Please retype the material beneath this task exactly, starting with its first line and finishing with the line containing "60 Inch Sequin".

[[ Material supplied open ]]

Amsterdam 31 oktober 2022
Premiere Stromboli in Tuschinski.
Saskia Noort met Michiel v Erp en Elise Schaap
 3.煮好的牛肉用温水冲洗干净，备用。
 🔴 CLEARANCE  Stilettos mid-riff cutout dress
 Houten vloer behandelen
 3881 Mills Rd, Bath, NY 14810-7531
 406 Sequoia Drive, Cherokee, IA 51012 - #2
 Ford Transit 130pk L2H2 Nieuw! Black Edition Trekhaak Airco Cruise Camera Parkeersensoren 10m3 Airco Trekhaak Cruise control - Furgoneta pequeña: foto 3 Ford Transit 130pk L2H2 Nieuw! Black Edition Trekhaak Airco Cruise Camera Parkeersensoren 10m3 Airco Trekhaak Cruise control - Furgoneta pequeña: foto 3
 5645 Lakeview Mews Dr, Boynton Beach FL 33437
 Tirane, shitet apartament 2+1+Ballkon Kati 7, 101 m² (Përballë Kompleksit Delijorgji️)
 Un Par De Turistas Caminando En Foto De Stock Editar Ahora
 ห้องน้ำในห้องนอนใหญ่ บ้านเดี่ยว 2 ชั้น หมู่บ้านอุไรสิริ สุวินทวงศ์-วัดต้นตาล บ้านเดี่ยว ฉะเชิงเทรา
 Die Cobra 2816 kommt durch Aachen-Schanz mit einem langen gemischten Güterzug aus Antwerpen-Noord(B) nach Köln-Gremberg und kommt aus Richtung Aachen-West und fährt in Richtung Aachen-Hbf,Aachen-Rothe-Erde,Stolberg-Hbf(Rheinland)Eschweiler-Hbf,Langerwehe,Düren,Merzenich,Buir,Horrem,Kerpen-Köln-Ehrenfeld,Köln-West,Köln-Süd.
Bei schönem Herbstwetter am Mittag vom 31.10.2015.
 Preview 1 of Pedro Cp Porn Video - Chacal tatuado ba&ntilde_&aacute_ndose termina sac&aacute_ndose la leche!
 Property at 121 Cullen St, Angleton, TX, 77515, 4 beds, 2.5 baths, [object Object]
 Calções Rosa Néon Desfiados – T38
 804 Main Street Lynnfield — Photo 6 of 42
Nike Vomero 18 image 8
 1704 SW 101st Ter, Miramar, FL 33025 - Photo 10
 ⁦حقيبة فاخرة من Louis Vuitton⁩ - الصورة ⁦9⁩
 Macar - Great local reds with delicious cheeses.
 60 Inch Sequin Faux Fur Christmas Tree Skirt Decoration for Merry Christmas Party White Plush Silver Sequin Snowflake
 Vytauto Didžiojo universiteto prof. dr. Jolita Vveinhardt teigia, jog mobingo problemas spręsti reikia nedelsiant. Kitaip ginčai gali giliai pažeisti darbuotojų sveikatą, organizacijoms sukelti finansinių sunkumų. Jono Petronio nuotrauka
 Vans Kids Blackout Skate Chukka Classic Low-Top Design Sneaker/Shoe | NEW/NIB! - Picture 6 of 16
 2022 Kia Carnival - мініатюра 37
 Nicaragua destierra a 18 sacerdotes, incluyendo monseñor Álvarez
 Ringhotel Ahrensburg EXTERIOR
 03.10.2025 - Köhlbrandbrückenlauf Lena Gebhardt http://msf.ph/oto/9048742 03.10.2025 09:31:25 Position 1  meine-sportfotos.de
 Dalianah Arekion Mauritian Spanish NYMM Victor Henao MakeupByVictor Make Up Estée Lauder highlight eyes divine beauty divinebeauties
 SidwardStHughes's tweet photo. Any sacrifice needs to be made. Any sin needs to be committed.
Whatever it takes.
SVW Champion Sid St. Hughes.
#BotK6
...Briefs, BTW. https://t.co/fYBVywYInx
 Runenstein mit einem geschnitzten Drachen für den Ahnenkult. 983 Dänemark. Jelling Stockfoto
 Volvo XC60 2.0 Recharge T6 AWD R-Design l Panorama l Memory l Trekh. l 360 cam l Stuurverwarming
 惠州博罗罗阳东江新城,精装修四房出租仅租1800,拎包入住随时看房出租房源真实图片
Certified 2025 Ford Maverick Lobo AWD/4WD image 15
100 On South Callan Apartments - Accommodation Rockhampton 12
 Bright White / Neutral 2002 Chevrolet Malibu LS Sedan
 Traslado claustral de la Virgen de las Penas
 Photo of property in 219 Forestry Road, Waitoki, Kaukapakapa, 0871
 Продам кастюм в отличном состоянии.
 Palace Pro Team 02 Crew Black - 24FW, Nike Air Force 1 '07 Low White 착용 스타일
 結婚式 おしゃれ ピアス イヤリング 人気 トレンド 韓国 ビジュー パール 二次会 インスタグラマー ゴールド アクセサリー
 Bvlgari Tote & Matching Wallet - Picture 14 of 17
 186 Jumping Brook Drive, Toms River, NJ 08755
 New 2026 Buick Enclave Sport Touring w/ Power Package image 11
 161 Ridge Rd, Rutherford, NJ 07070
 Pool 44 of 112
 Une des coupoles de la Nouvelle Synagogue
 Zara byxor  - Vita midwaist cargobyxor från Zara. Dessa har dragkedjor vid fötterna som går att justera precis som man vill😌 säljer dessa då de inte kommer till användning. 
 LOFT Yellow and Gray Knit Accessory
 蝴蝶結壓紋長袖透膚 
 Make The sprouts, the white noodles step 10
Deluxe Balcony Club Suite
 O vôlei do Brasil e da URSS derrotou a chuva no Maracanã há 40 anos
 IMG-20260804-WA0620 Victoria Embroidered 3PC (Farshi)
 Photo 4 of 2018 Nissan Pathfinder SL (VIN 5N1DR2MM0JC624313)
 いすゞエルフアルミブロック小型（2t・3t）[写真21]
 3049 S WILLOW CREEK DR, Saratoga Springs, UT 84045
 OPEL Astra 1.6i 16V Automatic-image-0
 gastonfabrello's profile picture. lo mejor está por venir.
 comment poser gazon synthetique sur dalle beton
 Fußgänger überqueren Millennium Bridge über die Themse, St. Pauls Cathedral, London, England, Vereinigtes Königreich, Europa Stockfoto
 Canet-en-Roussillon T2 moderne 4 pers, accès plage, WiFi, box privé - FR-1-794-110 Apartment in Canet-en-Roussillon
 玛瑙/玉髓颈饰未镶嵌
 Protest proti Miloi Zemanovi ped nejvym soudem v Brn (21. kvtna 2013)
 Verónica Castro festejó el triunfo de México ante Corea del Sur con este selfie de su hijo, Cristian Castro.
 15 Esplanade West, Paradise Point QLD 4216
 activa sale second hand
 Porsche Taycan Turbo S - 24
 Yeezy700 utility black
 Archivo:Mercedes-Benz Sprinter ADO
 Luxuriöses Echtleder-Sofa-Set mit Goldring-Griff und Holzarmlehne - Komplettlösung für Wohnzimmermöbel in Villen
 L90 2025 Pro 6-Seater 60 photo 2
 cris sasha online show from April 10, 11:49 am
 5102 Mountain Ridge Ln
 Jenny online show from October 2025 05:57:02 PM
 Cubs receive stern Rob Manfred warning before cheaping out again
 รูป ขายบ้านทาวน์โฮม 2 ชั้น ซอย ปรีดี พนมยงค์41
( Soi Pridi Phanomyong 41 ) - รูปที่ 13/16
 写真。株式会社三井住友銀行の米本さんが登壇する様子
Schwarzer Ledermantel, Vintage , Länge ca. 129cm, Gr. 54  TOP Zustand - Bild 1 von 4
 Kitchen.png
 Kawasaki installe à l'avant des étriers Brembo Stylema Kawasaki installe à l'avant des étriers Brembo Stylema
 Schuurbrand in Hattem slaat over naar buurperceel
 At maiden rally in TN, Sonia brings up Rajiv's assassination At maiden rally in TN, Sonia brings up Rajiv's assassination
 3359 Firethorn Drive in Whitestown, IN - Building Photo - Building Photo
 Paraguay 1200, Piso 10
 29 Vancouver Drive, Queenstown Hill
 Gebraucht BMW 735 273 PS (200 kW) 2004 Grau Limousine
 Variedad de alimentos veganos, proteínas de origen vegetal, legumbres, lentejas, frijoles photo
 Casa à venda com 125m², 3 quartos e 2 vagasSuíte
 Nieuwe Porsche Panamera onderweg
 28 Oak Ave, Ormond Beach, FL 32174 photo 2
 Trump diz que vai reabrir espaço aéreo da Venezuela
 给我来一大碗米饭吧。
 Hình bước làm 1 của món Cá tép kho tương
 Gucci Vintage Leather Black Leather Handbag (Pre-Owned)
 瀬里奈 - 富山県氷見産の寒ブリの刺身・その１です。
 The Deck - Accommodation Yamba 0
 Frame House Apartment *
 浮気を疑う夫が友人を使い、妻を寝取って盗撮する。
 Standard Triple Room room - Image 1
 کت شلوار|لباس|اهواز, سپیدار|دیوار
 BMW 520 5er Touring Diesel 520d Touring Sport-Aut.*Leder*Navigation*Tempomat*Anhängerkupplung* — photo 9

[[ Material supplied closed ]]

**Completed exercise**
Amsterdam 31 oktober 2022
Premiere Stromboli in Tuschinski.
Saskia Noort met Michiel v Erp en Elise Schaap
 3.煮好的牛肉用温水冲洗干净，备用。
 🔴 CLEARANCE  Stilettos mid-riff cutout dress
 Houten vloer behandelen
 3881 Mills Rd, Bath, NY 14810-7531
 406 Sequoia Drive, Cherokee, IA 51012 - #2
 Ford Transit 130pk L2H2 Nieuw! Black Edition Trekhaak Airco Cruise Camera Parkeersensoren 10m3 Airco Trekhaak Cruise control - Furgoneta pequeña: foto 3 Ford Transit 130pk L2H2 Nieuw! Black Edition Trekhaak Airco Cruise Camera Parkeersensoren 10m3 Airco Trekhaak Cruise control - Furgoneta pequeña: foto 3
 5645 Lakeview Mews Dr, Boynton Beach FL 33437
 Tirane, shitet apartament 2+1+Ballkon Kati 7, 101 m² (Përballë Kompleksit Delijorgji️)
 Un Par De Turistas Caminando En Foto De Stock Editar Ahora
 ห้องน้ำในห้องนอนใหญ่ บ้านเดี่ยว 2 ชั้น หมู่บ้านอุไรสิริ สุวินทวงศ์-วัดต้นตาล บ้านเดี่ยว ฉะเชิงเทรา
 Die Cobra 2816 kommt durch Aachen-Schanz mit einem langen gemischten Güterzug aus Antwerpen-Noord(B) nach Köln-Gremberg und kommt aus Richtung Aachen-West und fährt in Richtung Aachen-Hbf,Aachen-Rothe-Erde,Stolberg-Hbf(Rheinland)Eschweiler-Hbf,Langerwehe,Düren,Merzenich,Buir,Horrem,Kerpen-Köln-Ehrenfeld,Köln-West,Köln-Süd.
Bei schönem Herbstwetter am Mittag vom 31.10.2015.
 Preview 1 of Pedro Cp Porn Video - Chacal tatuado ba&ntilde_&aacute_ndose termina sac&aacute_ndose la leche!
 Property at 121 Cullen St, Angleton, TX, 77515, 4 beds, 2.5 baths, [object Object]
 Calções Rosa Néon Desfiados – T38
 804 Main Street Lynnfield — Photo 6 of 42
Nike Vomero 18 image 8
 1704 SW 101st Ter, Miramar, FL 33025 - Photo 10
 ⁦حقيبة فاخرة من Louis Vuitton⁩ - الصورة ⁦9⁩
 Macar - Great local reds with delicious cheeses.
 60 Inch Sequin Faux Fur Christmas Tree Skirt Decoration for Merry Christmas Party White Plush Silver Sequin Snowflake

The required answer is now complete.